Prediction of rod-like particle mixing in rotary drums by three machine learning methods based on DEM simulation data
Wencong Wu, Kaicheng Chen, Evangelos Tsotsas
Abstract
The mixing of non-spherical particles in rotary drums exhibits significant complexity, particularly when density segregation and size segregation occur simultaneously. Three machine learning models: artificial neural network (ANN), extremely randomized trees (ERT), and particle swarm optimized support vector regression (PSO-SVR) were developed to predict the mixing time and mixing degree at the steady mixing state of rod-like particles in rotary drums. The training, validation, and test data for the machine learning models were generated from 121 discrete element method (DEM) simulations with four independent variables: revolution frequency, particle density ratio, particle size ratio, and drum length.

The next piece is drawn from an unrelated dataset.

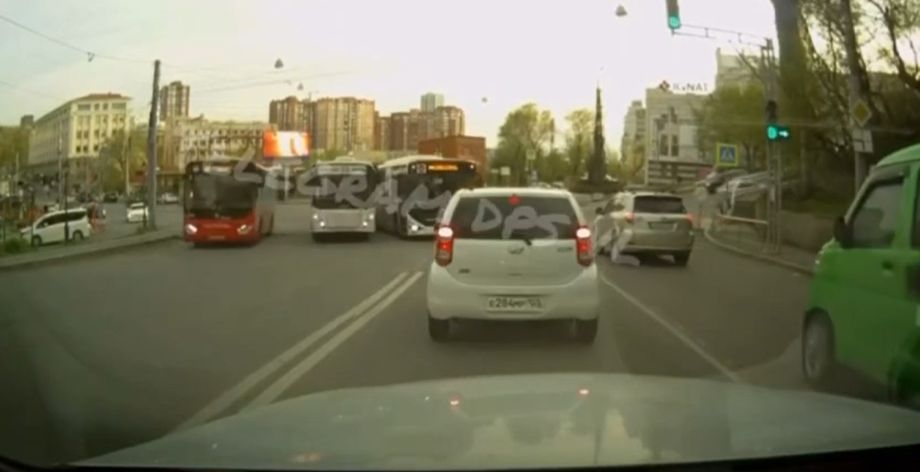 Полиция начала проверку по факту выезда на «встречку» автобуса во Владивостоке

All three models predicted the mixing degree accurately with R 2 ≥ 0.94. The ERT and PSO-SVR models also predicted the mixing time well with R 2 ≥ 0.88. Building machine learning models is hundreds of times faster than running DEM simulations, making these models highly promising for predicting larger-scale simulations with more complex-shaped particles. • Build machine learning models to predict rod-like particle mixing in rotary drums. • The training, validation, and test data are sourced from 121 DEM simulations. • Models can predict mixing time and degree under four distinct independent variables. • Each model has its pros and cons, but the overall predictions are satisfactory. • Compared to DEM simulations, machine learning models save a lot of time.